### TRY IT
Could you reproduce, word for word, everything below from the line containing "HONDA JAZZ ES + I-VTEC 1.4i 5" down to the line containing "Teneriffas Sonnenkinder", with both of those lines included and no others?

### INPUT DATA
>>>

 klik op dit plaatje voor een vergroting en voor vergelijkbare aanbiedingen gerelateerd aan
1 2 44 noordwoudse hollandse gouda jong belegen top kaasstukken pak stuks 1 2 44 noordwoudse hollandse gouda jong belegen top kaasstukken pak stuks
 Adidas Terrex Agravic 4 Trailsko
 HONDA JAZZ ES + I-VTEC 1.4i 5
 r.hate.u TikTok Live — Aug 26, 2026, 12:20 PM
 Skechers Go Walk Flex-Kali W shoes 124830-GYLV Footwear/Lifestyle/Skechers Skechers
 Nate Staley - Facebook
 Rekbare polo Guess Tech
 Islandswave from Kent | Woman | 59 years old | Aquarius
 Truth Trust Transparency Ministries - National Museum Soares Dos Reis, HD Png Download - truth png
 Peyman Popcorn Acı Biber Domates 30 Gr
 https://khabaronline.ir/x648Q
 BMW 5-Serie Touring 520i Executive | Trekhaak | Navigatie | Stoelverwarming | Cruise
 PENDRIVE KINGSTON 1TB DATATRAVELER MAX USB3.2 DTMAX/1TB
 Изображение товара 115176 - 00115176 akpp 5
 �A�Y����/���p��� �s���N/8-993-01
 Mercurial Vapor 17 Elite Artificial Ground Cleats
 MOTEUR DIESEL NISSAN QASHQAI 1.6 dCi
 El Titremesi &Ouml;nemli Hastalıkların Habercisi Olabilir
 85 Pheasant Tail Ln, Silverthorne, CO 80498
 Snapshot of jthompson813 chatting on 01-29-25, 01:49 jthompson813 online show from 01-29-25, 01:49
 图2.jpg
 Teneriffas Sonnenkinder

<<<
>>>

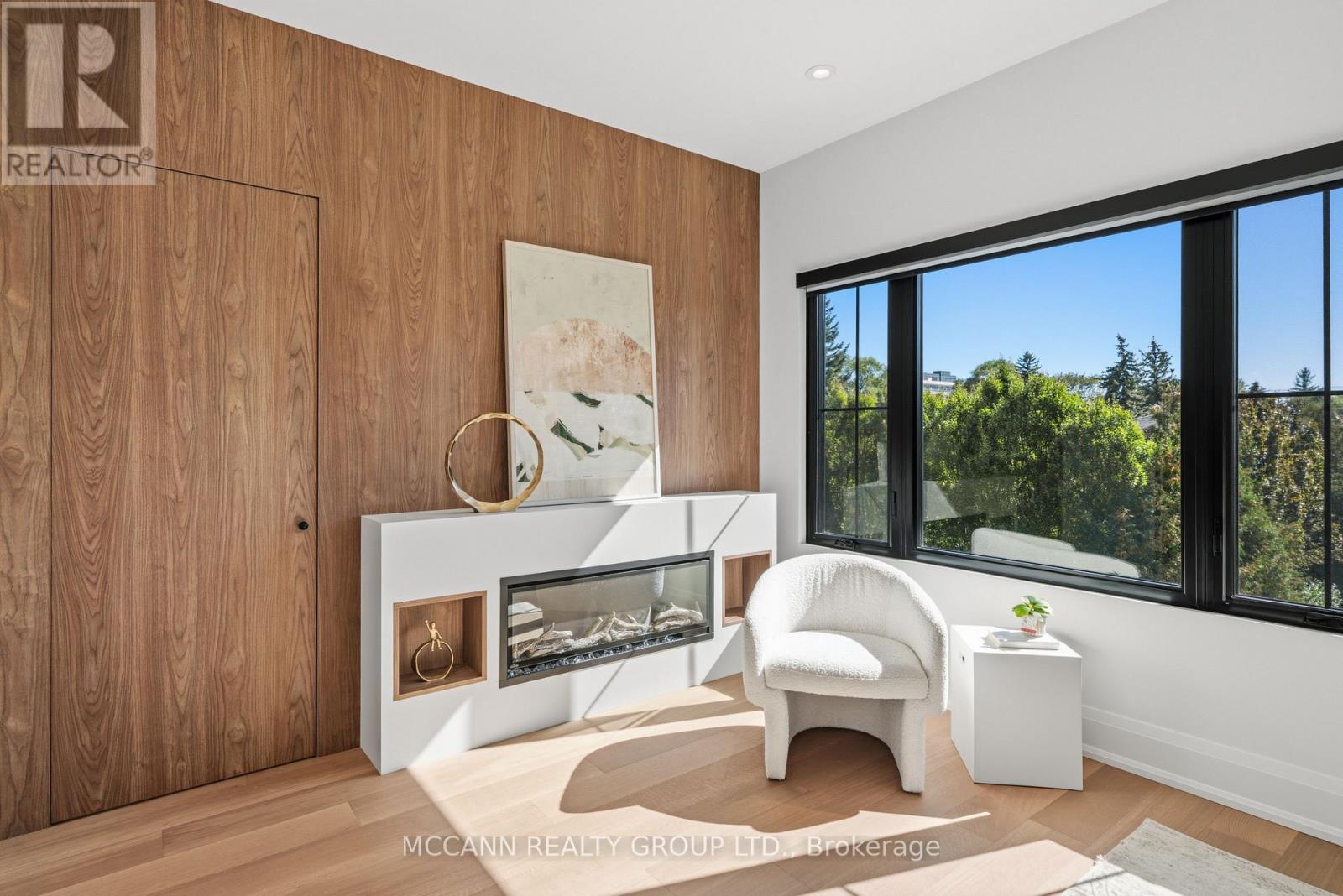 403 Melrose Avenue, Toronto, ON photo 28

<<<

### RESULT OF THIS EXERCISE
 HONDA JAZZ ES + I-VTEC 1.4i 5
 r.hate.u TikTok Live — Aug 26, 2026, 12:20 PM
 Skechers Go Walk Flex-Kali W shoes 124830-GYLV Footwear/Lifestyle/Skechers Skechers
 Nate Staley - Facebook
 Rekbare polo Guess Tech
 Islandswave from Kent | Woman | 59 years old | Aquarius
 Truth Trust Transparency Ministries - National Museum Soares Dos Reis, HD Png Download - truth png
 Peyman Popcorn Acı Biber Domates 30 Gr
 https://khabaronline.ir/x648Q
 BMW 5-Serie Touring 520i Executive | Trekhaak | Navigatie | Stoelverwarming | Cruise
 PENDRIVE KINGSTON 1TB DATATRAVELER MAX USB3.2 DTMAX/1TB
 Изображение товара 115176 - 00115176 akpp 5
 �A�Y����/���p��� �s���N/8-993-01
 Mercurial Vapor 17 Elite Artificial Ground Cleats
 MOTEUR DIESEL NISSAN QASHQAI 1.6 dCi
 El Titremesi &Ouml;nemli Hastalıkların Habercisi Olabilir
 85 Pheasant Tail Ln, Silverthorne, CO 80498
 Snapshot of jthompson813 chatting on 01-29-25, 01:49 jthompson813 online show from 01-29-25, 01:49
 图2.jpg
 Teneriffas Sonnenkinder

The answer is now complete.